# My first project. How's I do?



## InterCounty (Apr 27, 2010)




----------



## JBM (Mar 31, 2011)




----------



## ready to roll (Mar 3, 2013)

I like the way you made it all look "Rustic".


----------



## TAHomeRepairs (Jun 18, 2012)

I had no comment, but I subscribed...


----------



## dom-mas (Nov 26, 2011)

I'm a big fan of slightly curved brickwork, specially when it looks like someone tried to make ot straight but failed. I'm also a fan of drainage cracks in the middle of stairs so you have two big thumbs up from me. I'm not crazy about border stones that have dropped away from the rest of the walkway but realise that they are necessary for proper structural stability and good drainage so I'll still call you for my next patio that I need installed


----------



## SAW.co (Jan 2, 2011)

Sorry pal, stick with flooring.

On the other hand if the customer wrote you a check then you did a fine job.

And hope that one of your local comrades doesn't grab a pic of that and post you on the WALL OF SHAME:thumbsup:


----------



## FSCROB (Aug 5, 2013)

I am guessing you should stick to hardwood.

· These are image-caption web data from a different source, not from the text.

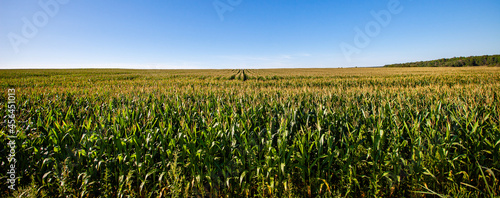 Fotografia Wisconsin cornfield with a blue sky in early September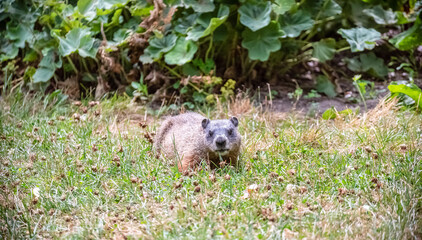 A groundhog looking to see what is going on at Edwards Garden.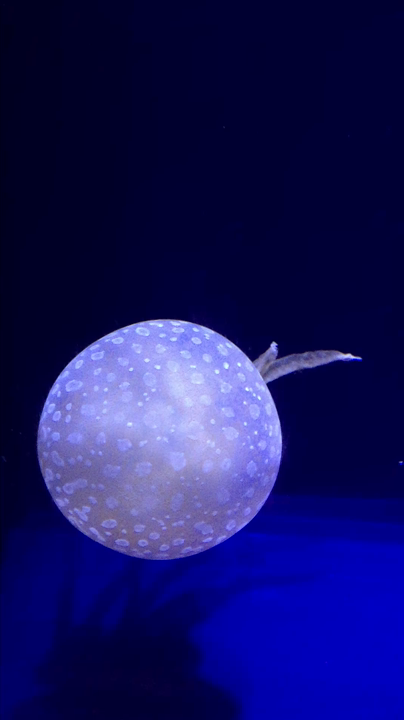 クラゲ〜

Just sayin.


----------



## parkers5150 (Dec 5, 2008)

ees joke yes???....no???????????


----------



## parkers5150 (Dec 5, 2008)

... oh I got it!!!!... before pics????:thumbsup:


----------



## EC Craftsman (May 20, 2013)

parkers5150 said:


> ... oh I got it!!!!... before pics????:thumbsup:


I sure hope so! :thumbup:


----------



## NYCB (Sep 20, 2010)

Out of everything I think my favorite is the wall product facing the wrong way with the backside totally exposed and filled with what looks like concrete.


----------



## stonecutter (May 13, 2010)

I wonder why those modular wall units are backwards too. :whistling


----------



## dbrons (Apr 12, 2010)

> I wonder why those modular wall units are backwards too.


the reverse scalloped look :thumbup:


----------



## Nick520 (May 2, 2013)

Not bad for an hours worth of work


----------



## mudpad (Dec 26, 2008)

TAHomeRepairs said:


> I had no comment, but I subscribed...


Ditto that


----------



## NYCB (Sep 20, 2010)

You see stuff like that and can only hope it was the work of a homeowner.

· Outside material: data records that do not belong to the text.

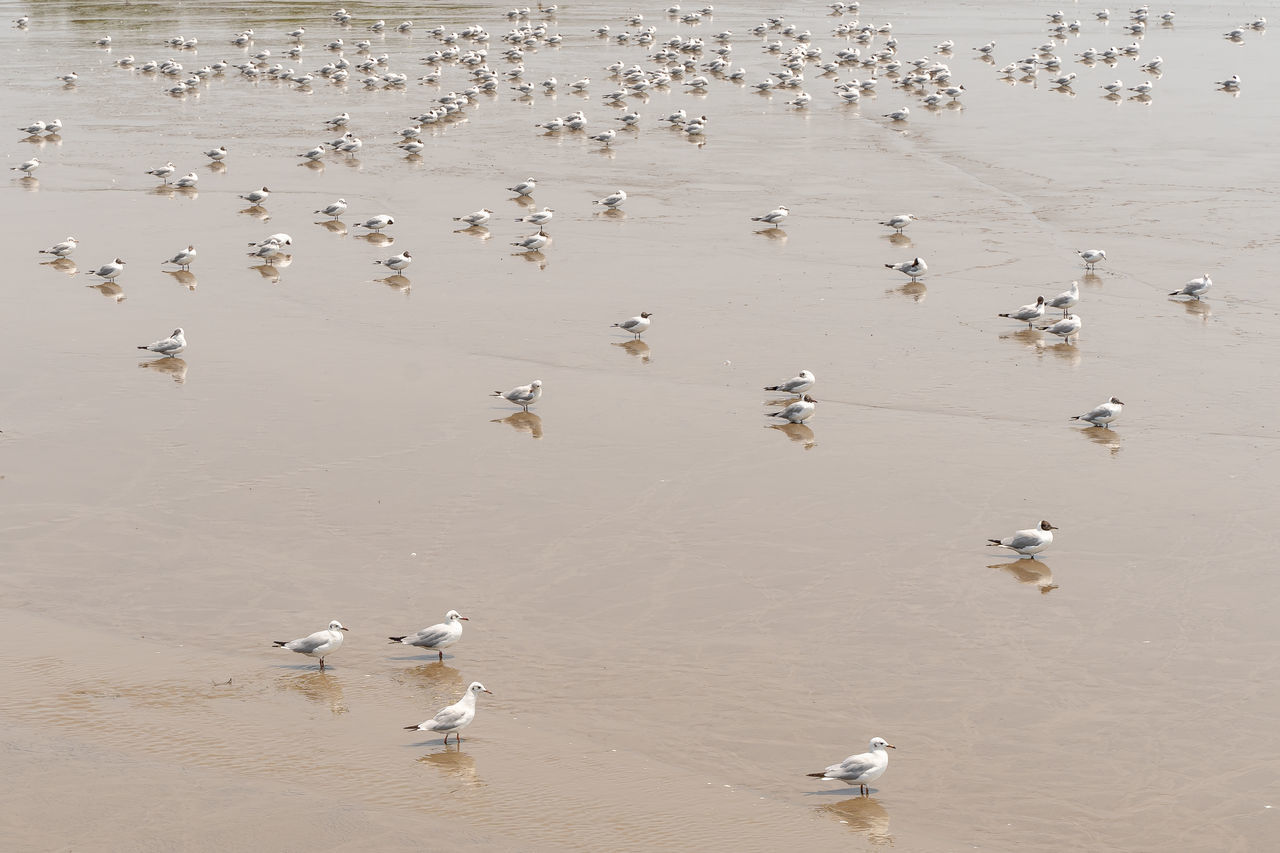 HIGH ANGLE VIEW OF SEAGULLS ON SEA SHORE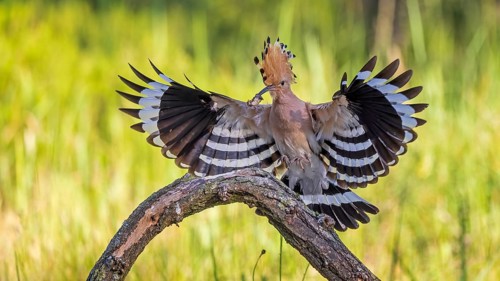Hoopoe (Upupa epops) flying, approaching, landing, Bird of the Year 2022, with caterpillar as food,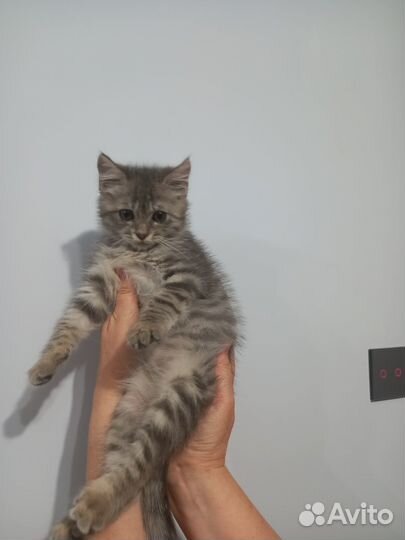 Котик в добрые руки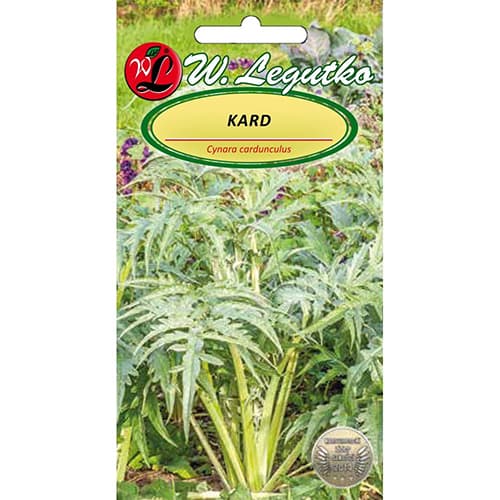 Artičok španielsky Bianco avorio - : Monžstvo balíkov: 0.5 g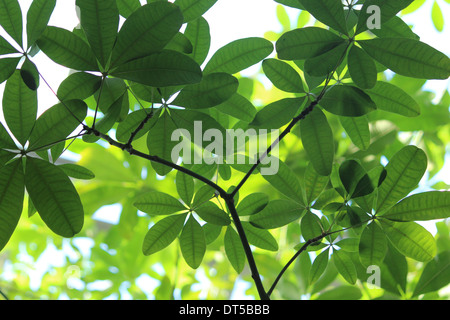 La luce del sole che splende attraverso un baldacchino di foglie Foto Stock
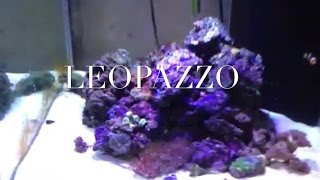 60 gallon salt water coral reef fish tank sump filtration i [upl. by Tiduj]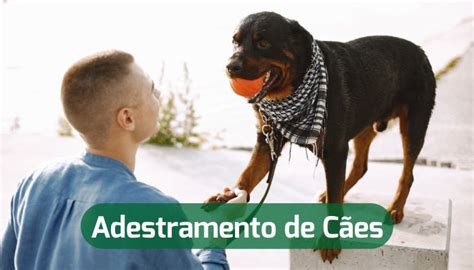 Adestramento de Cães Tudo o que você precisa saber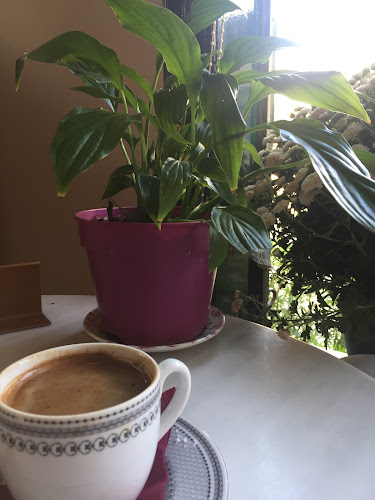 Comentarii opinii despre Chevalier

Always sad to find out they actually paid for it though.


----------



## asevereid (Jan 30, 2012)




----------



## j_sims (Jul 5, 2007)

sitdwnandhngon said:


> You see stuff like that and can only hope it was the work of a homeowner.
> 
> Always sad to find out they actually paid for it though.


Yeah this has the dazzling ingenuity of HO all over it....


----------



## j_sims (Jul 5, 2007)

............


----------



## InterCounty (Apr 27, 2010)

Lmao

Yeah I'm sticking to hardwood.
I was working on a floor inside this house when I saw this fuster cluck. I laughed when I saw the backwards wall block edgeing and thought of contractor talk.

Since I've been doing my dyi patio & wall peoject at my own home, I've had a dilgent eye out for hardscape lately. Been checking out every residential & commercial paver, pillar, cap, wall or walkway I come across. Was in Niagra Falls NY & Canada last week and was noticing each pedestrian paver walkway I came across.


----------